Wednesday, October 6, 2021
45 minutes from Blackwater Falls State Park, driving through Canaan Valley, is the Dolly Sods Wilderness Area. I am on a photography workshop with Mark Zablotsky (https://www.markzphotoworkshops.com) exploring West Virginia. The weather has been for rain the entire week, so I guess we were lucky to be confronted by heavy fog. By the time we got to the gravel road leading up the east side of the Dolly Sods Wilderness Area, we could barely see 10 feet in front of us. We crept up the narrow road hoping no one was coming down in the dark. Our goal was to catch the sunrise from the top of Bear Rocks, but that was not to be. Finally at the top, we pulled into a parking lot that was filled. I think most were photographers like us, but there were also hikers and probably others who just wanted to see the area.
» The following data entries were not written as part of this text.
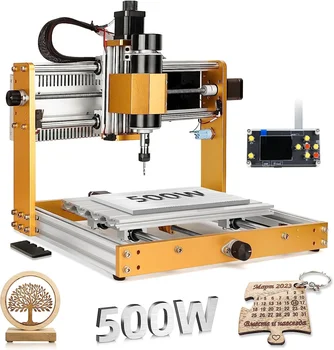 500W All-Metal CNC Router Machine – 3-Axis Desktop CNC Engraving & Milling Machine with GRBL Offline Controller, Limit Switches & Emergency Stop 1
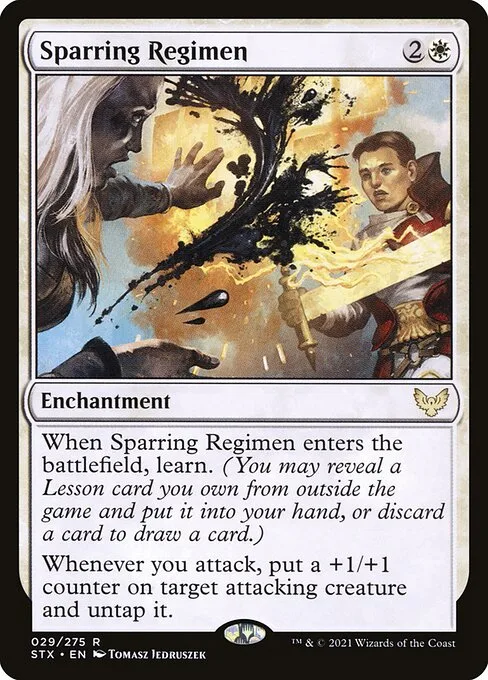 Sparring Regimen · Strixhaven: School of Mages 29/393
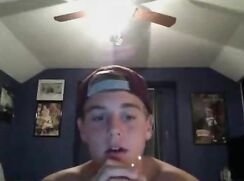 American Boy Jackin Off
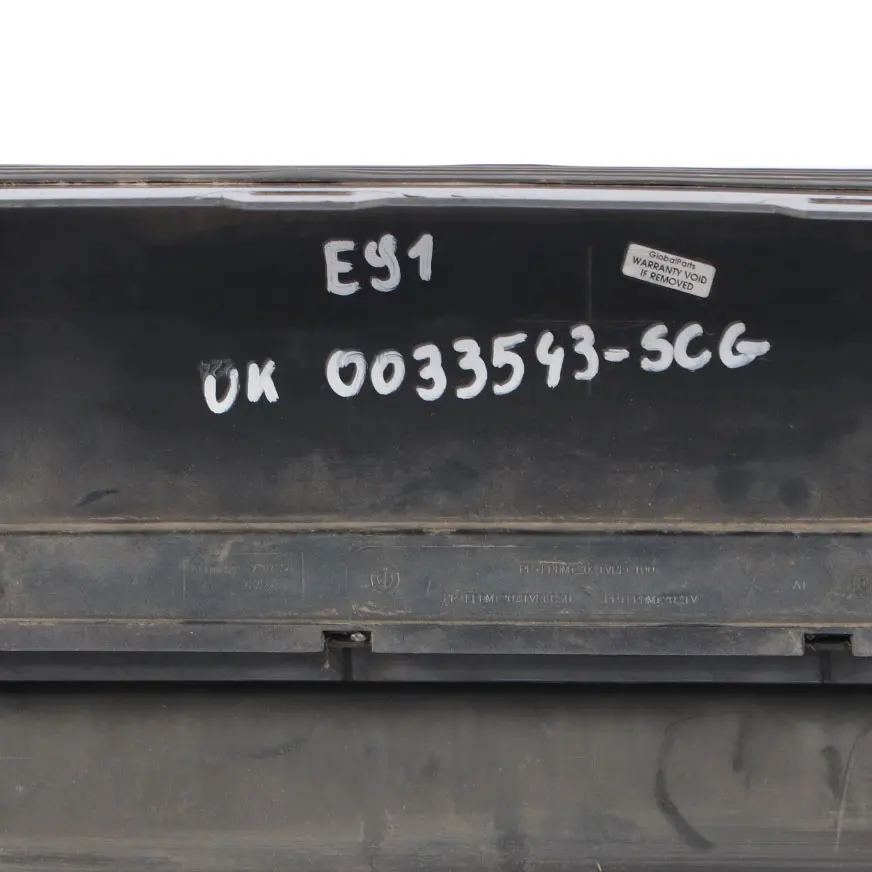 Bumper Trim Panel Spacegrau Space Grey - A52 to BMW E91 Touring M Sport Rear with Part number 0033543 BMW E91 Touring M Sport Rear Bumper Trim Panel Spacegrau Space Grey - A52 - SKU 0033543-SCG - Part number 0033543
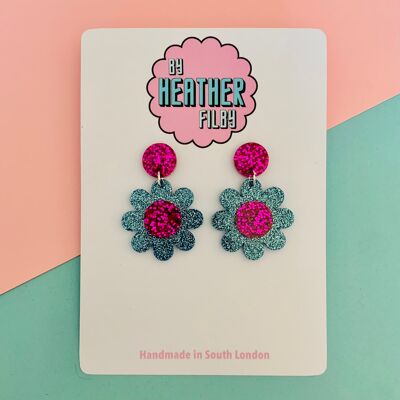 Boucles d'oreilles fleur de marguerite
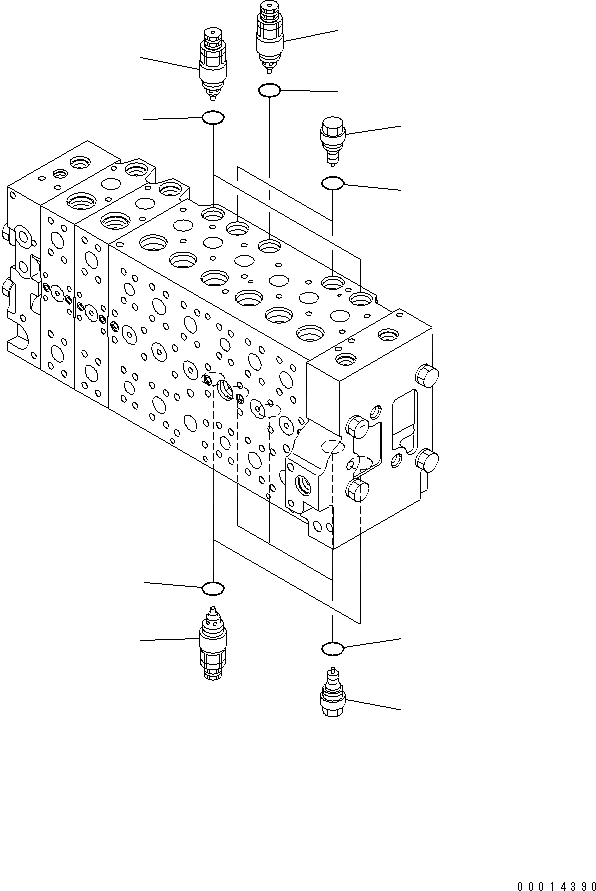 Схема запчастей Komatsu PC200-7 - УПРАВЛЯЮЩ. КЛАПАН (-АКТУАТОР) (/) ОСНОВН. КОМПОНЕНТЫ И РЕМКОМПЛЕКТЫ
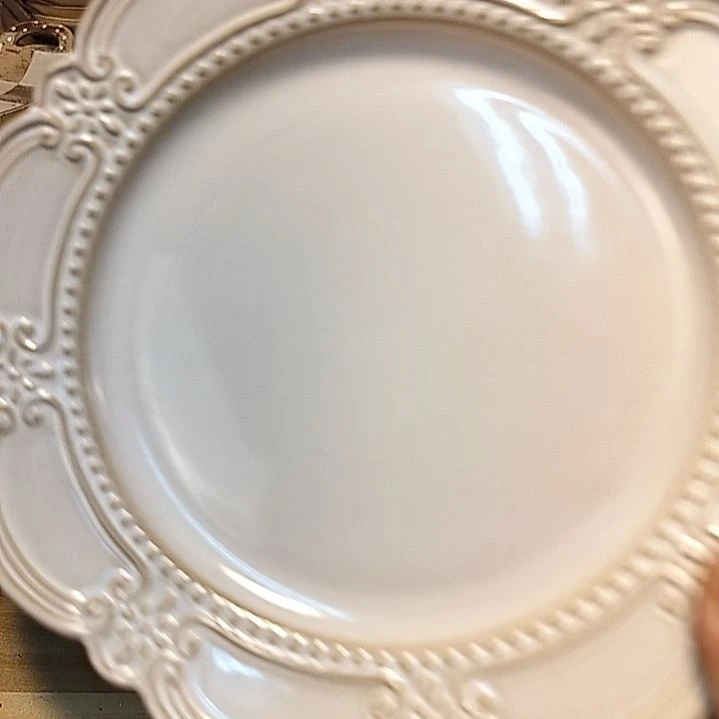 瓷片微瑕洛克八寸浅盘两个一组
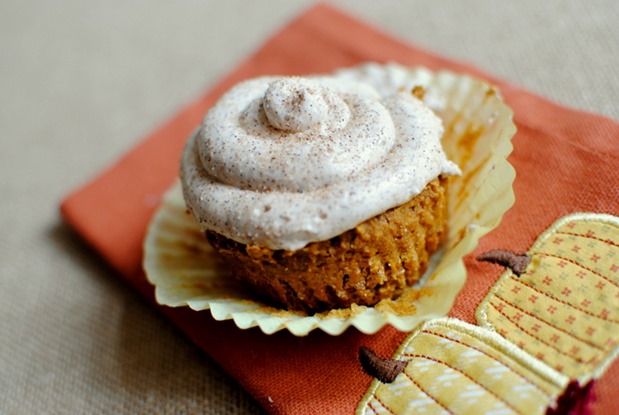 pumpkin spice cupcakes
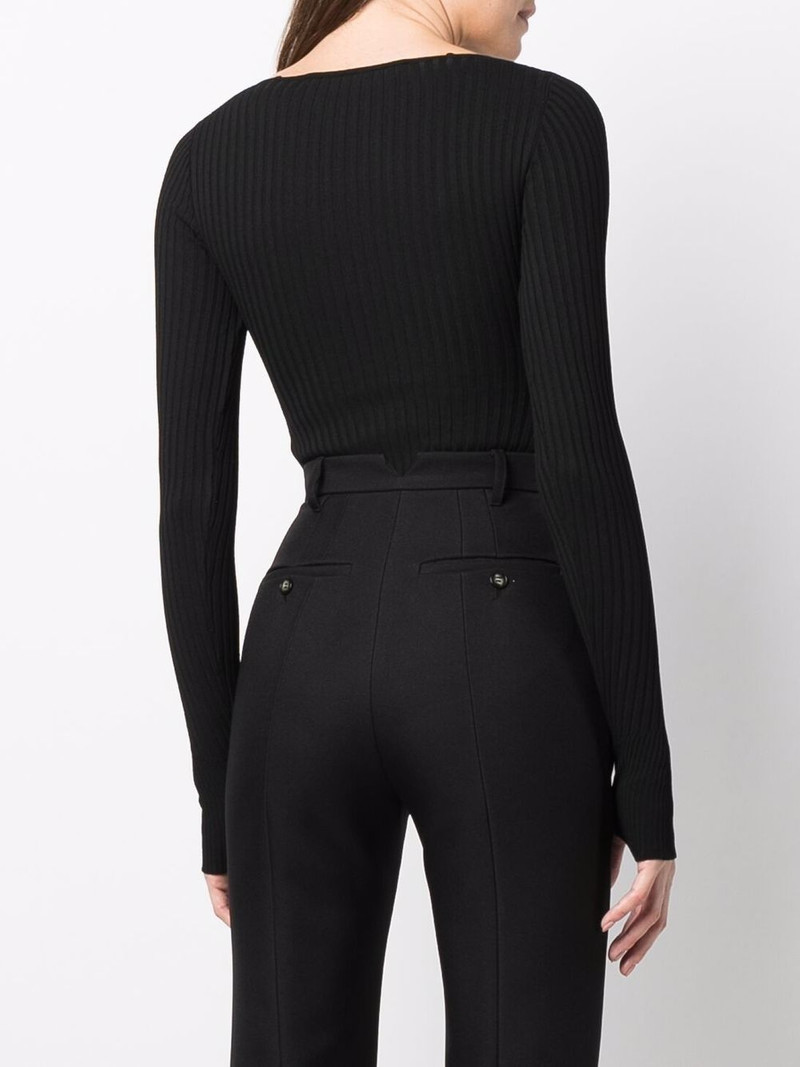 ribbed-knit bodysuit 4
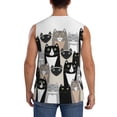thumbnail image 4 of Balery Colors Cats Men's Sleeveless Muscle Shirts Workout Tank Top, Moisture Wicking, Odor Protection-3X-Large, 4 of 8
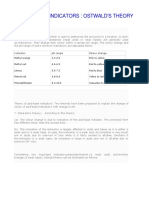 Theory of Indicators Ostwalds Theory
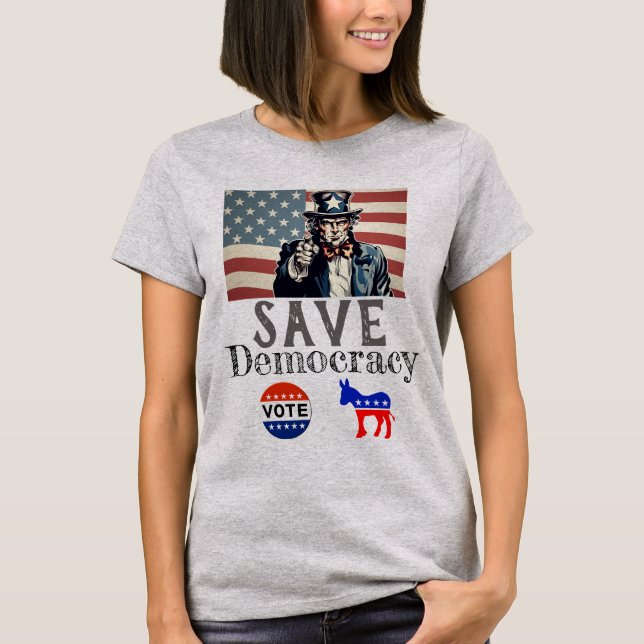 Save Democracy T-Shirt (Frente)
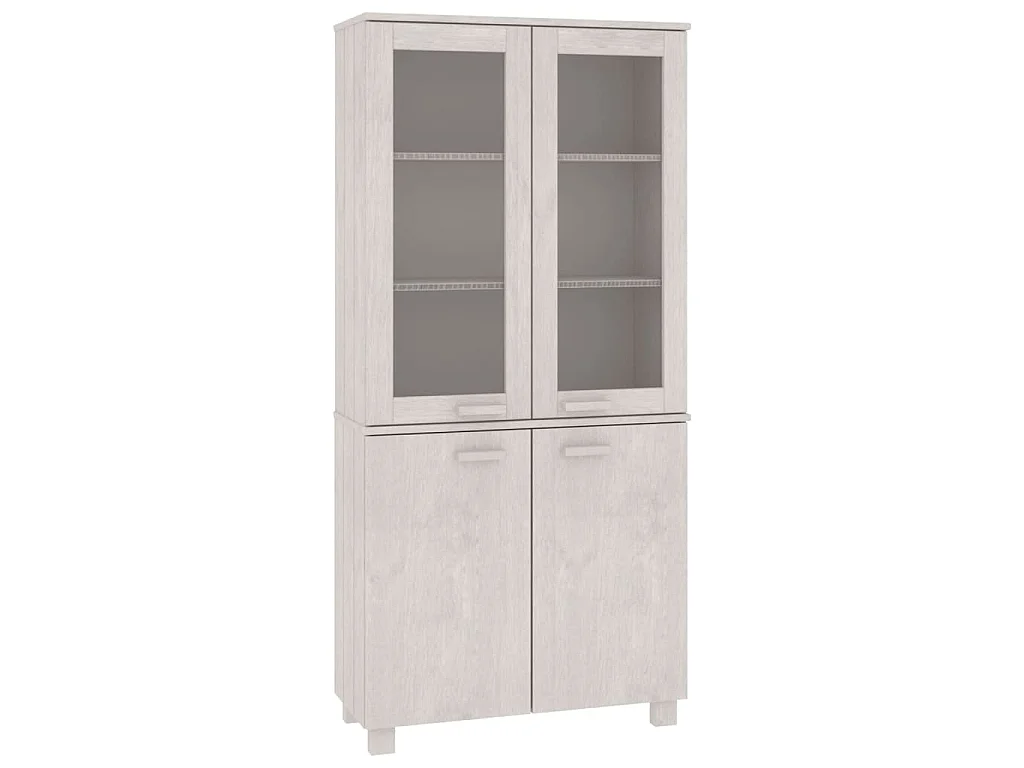 Buffet HAMAR Bois massif de pin Blanc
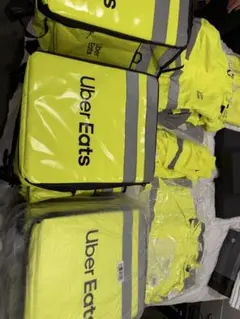 Uber Eats 蛍光イエロー ジャケットと保冷バッグ - メルカリ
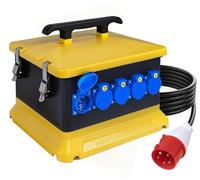 Distributeur de courant, 30 modules, indice de protection IP54 (étanche), boîtier de connexion portable avec de multiples options de raccordement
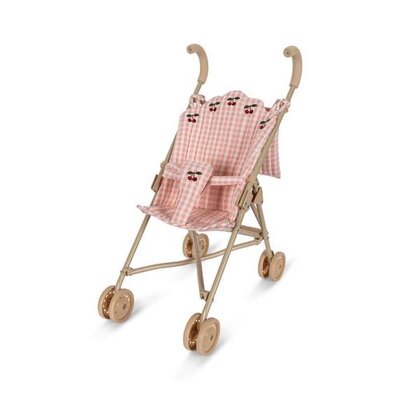 Poppen kinderwagen Powder pink check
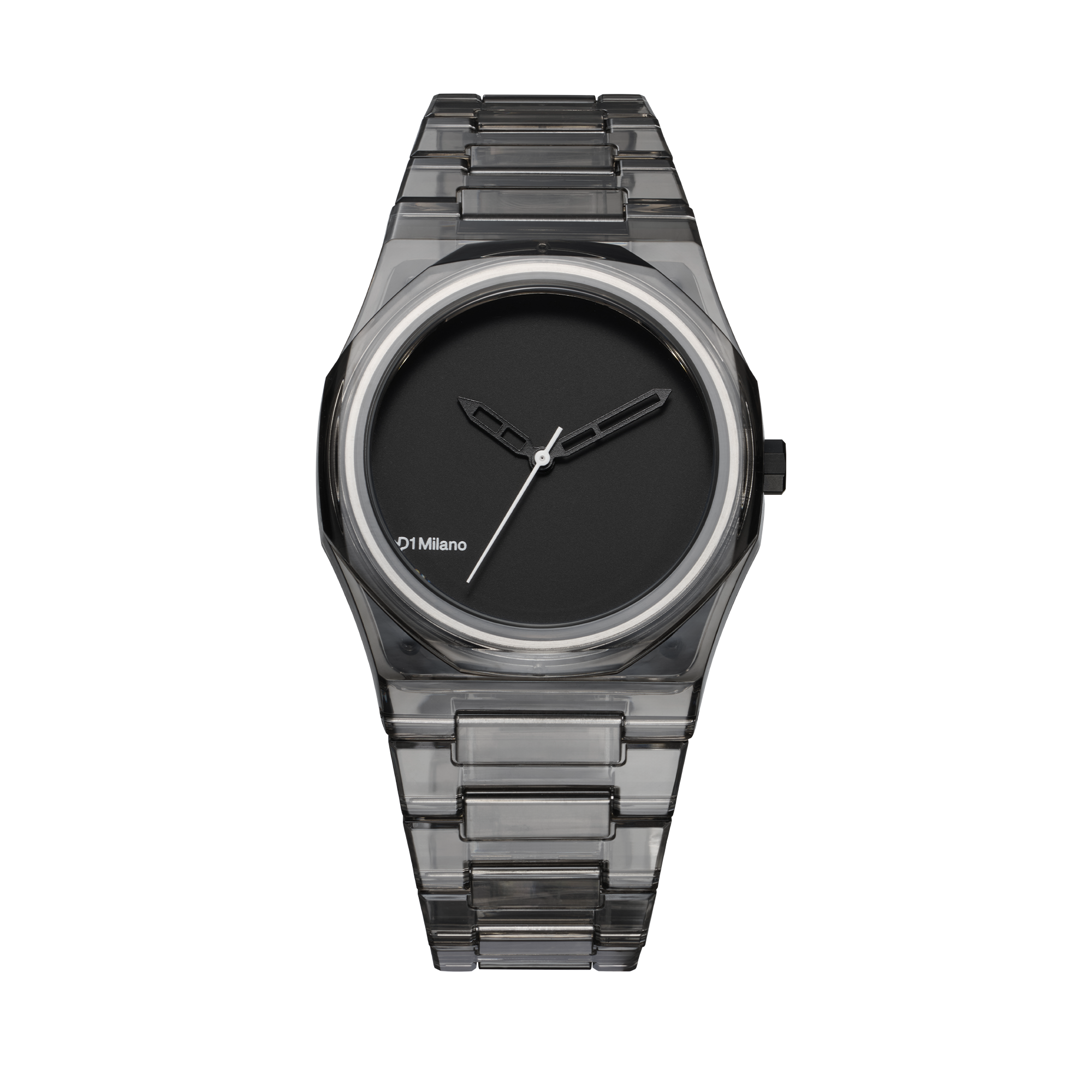 D1 Milano Nylon Trasparente nero D1-NYBJ02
“Dolly Sods is a rocky, high-altitude plateau with sweeping vistas and lifeforms normally found much farther north in Canada. To the north, the distinctive landscape of “the Sods” is characterized by stunted (“flagged”) trees, wind-carved boulders, heath barrens, grassy meadows created in the last century by logging and fires, and sphagnum bogs that are much older. To the south, a dense cove forest occupies the branched canyon excavated by the North Fork of Red Creek.”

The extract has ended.